BEGIN Records for the exercise

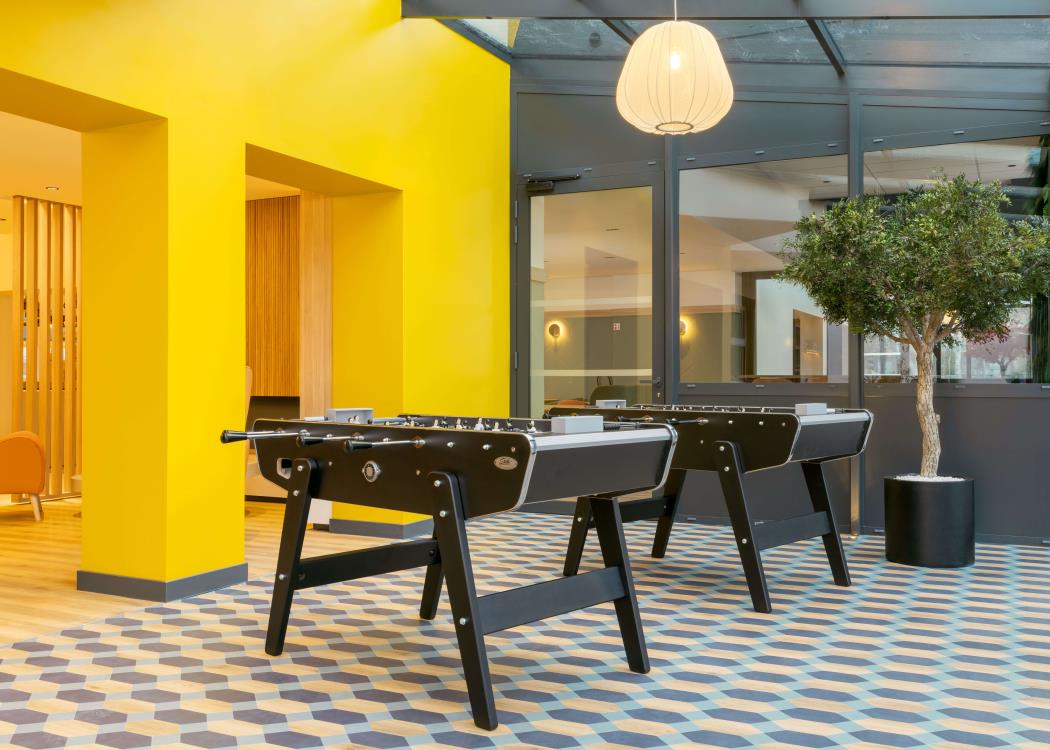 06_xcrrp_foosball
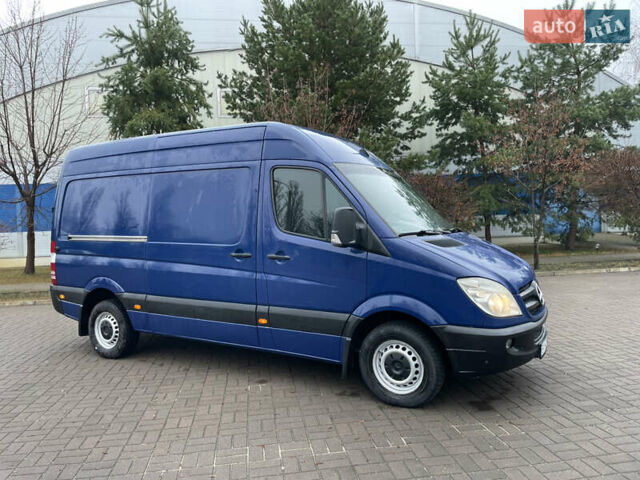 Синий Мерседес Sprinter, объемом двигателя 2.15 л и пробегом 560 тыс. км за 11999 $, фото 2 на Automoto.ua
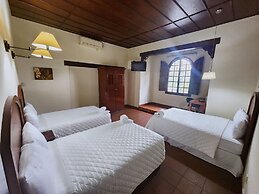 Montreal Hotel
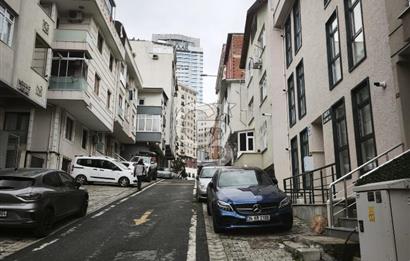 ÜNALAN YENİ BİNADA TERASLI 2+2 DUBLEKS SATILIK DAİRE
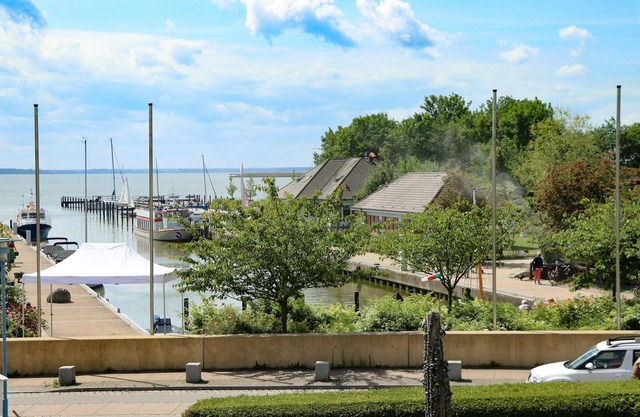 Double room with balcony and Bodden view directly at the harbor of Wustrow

END Records for the exercise

◆ Work order ◆
Your answer must be an exact copy of the records above, with no pictures included.

◆ Written response ◆
 06_xcrrp_foosball
 Синий Мерседес Sprinter, объемом двигателя 2.15 л и пробегом 560 тыс. км за 11999 $, фото 2 на Automoto.ua
 Montreal Hotel
 ÜNALAN YENİ BİNADA TERASLI 2+2 DUBLEKS SATILIK DAİRE
 Double room with balcony and Bodden view directly at the harbor of Wustrow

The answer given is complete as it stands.